Although Barak has opposed a national unity government in the past, his own relative hawkishness and Netanyahu's newfound moderation could yet forge the basis for a unity government, say the pundits.

These developments provide the foundation for the optimistic interpretation that bold new moves are afoot after several tension-filled months of crisis.

Many analysts here suggest that what is important in the long term are not the specifics of Netanyahu's plan for the final-status talks, but rather the break with past dogma that it represents.

The plan reportedly even entertains the notion of Israel abandoning certain far-flung settlements on the West Bank.

That would be a dramatic departure from Likud's long-held principles.

Also important is the fact that the Netanyahu coalition appears to have endured this first flight of the trial balloon with remarkable stability.

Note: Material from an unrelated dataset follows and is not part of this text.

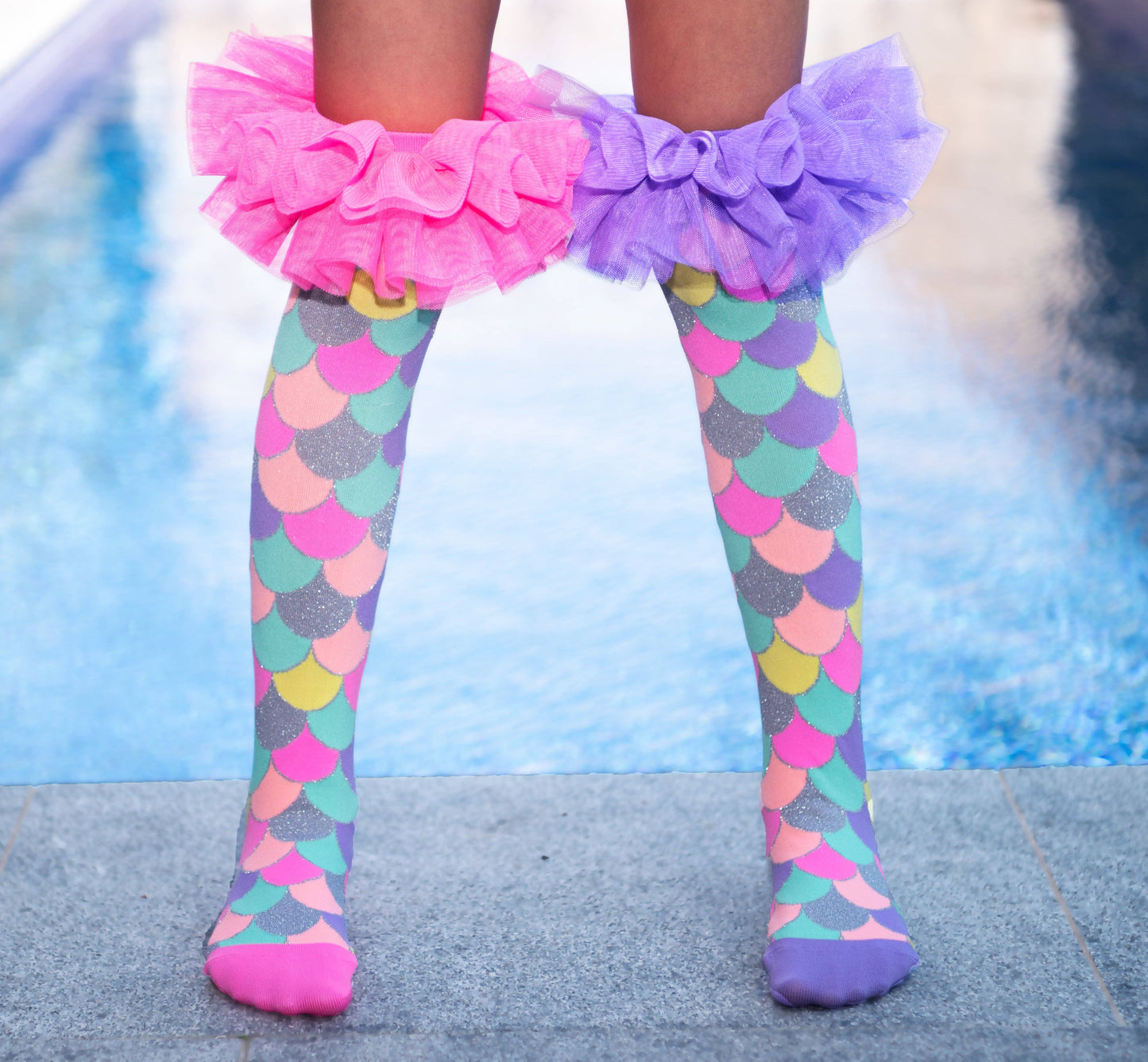 MERMAID FRILLS SOCKS: Kids & Adults Age 6 - 99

It is as though the mainstream of the coalition, like the mainstream of the opposition, has come to terms with the need to strike a territorial compromise with the Palestinians.

What remains to be decided is the amount of land to be relinquished.

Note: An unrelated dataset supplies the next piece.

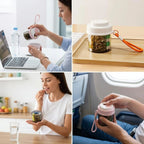 Temassız Dozajlamalı Taşıma İpli Hap Saklama Organizeri,4 Bölmeli Mini İlaç ve Vitamin Kutusu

This perspective gives support to renewed speculation that now that Barak is installed as Peres' successor, Netanyahu's thoughts will turn again to a unity government.

The premier insists he is serious about seeking accelerated negotiations for a permanent settlement with the Palestinians.

He knows, moreover, that only a successful negotiation and an agreement widely supported in Israel can virtually guarantee him a second term in office.

Barak, meanwhile, has signaled that he opposes joining a coalition with Likud.

Meanwhile, Arafat has responded to the reports of Netanyahu's final-status proposals by saying that the Palestinians expect to recover no less than 91 percent of the West Bank.

But for the optimists, this seems to indicate that, despite the gulf that opened up during the past three months, the two sides may soon engage in earnest negotiations.

Just the same, this week's developments have also served as fuel for Israeli pessimists.

They see Netanyahu's leaked plan for the final-status talks as a deliberate ploy to curry favor at home and abroad with an ostensibly reasonable opening offer — one that the premier can be certain will be rejected outright by the Palestinian side.

Netanyahu, according to this interpretation, remains committed to taking the peace process no further in substantive terms.

His purported plan is a mere exercise in public relations, the pessimists say, designed to elicit more months of treading water, while building at Har Homa and settlement projects in the West Bank continue.

This, of course, is the gloss put on the plan by Palestinian spokesmen.

Nevertheless, behind the scenes, some Palestinians recognize the significance of a Likud leader offering to withdraw from half of the West Bank.

The pessimists, meanwhile, see the gap between Likud and Labor as vast and not bridgeable.

Under its new and ambitious leader, they say, Labor will become a fighting opposition — as it has conspicuously failed to be during Netanyahu's first year in office.

They point out that while Barak himself is thought of as a centrist, the party as a whole recently solidified its dovish positions, resolving at its national conference to remove from its platform opposition to a sovereign Palestinian state.

The pessimists expect the Egyptian effort to put the talks back on track will fizzle out within weeks, leaving an enhanced danger of new disillusionment and frustration.